Akane looked stunned. Ukyo couldn't blame her.

"So he'll never...he can't get those memories back at all?" the long-haired girl asked. Cologne gave her a haughty glance, then softened slightly, sighing and shaking her head.

"You can't regain what doesn't exist. And as he encounters situations and people associated with those extinguished memories, his mind will struggle to compensate. More and more pieces will be wiped away. First the little things—the Tendo Dojo. Mr. Tendo. Genma. Kasumi. Nabiki. Eventually, in the end, even you son-in-law, and you, Miss Ukyo, will be expunged."

"My god..." Ukyo breathed.

"But Ryoga's association with my son-in-law goes back a long, long way, doesn't it?" Cologne's tones were now those of a teacher, trying to guide her pupils to some newer, more difficult understanding.

"Yes," Ranma answered her, "A couple a' years ago, we went to school together."

"And tell me, son-in-law, what sort of person was Mr. Hibiki at that time?"

Ranma hesitated. He looked up at the ceiling, chewing on his lip as he struggled to remember. Finally, dropping his gaze, he glanced at Ukyo and Akane before addressing the Matriarch.

"He was angry," Ranma said, "All the time."

Cologne nodded. The answer didn't seem to surprise her.

"We grow up," she said, mildly, looking into the doctor's face. "We grow older. It's a difficult thing, for someone to have a part of their being taken away, whether they willed it or no."

Dr. Tofu exhaled a long breath. His shoulders slumped. Casting another glance down the long hall, his face for a moment betrayed an internal struggle: the war between his desire to help his patient through his own training, and his experience with the truth of the mystical forces Cologne and those like her commanded.

Finally, he said, "What do you intend to do?"
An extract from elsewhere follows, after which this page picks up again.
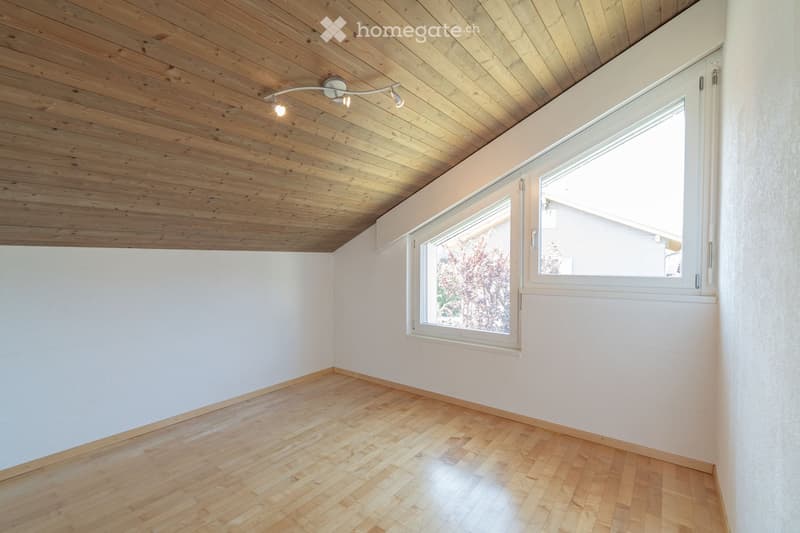 Empty room with wooden flooring, white walls, and a large window with white frame. The ceiling is wooden with built-in lighting.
"I need to examine the boy," Cologne told him. "There are techniques for tapping the spirit world and obtaining information. This is what must be done now. I must beg for assistance from the deep-down creatures, those who inhabit worlds rarely visited by humans in this day and age."

"How long will something like that take?"

Cologne smiled her disturbing little smile.

"Not long," she said, and then for some reason looked over at Ukyo, smile broadening. "If I have assistance."


A/N:

"Piggyback" in Japanese is "onbu," so, sorry, no pun there.

Too many characters in this chapter. Gah. I'll try to narrow it down a bit for the rest of this story.

It's taking me longer on these chapters now because I'm preparing to leave Japan in a couple of weeks after two years so...there's a lot to take care of. I've accumulated so many books I could open my own library.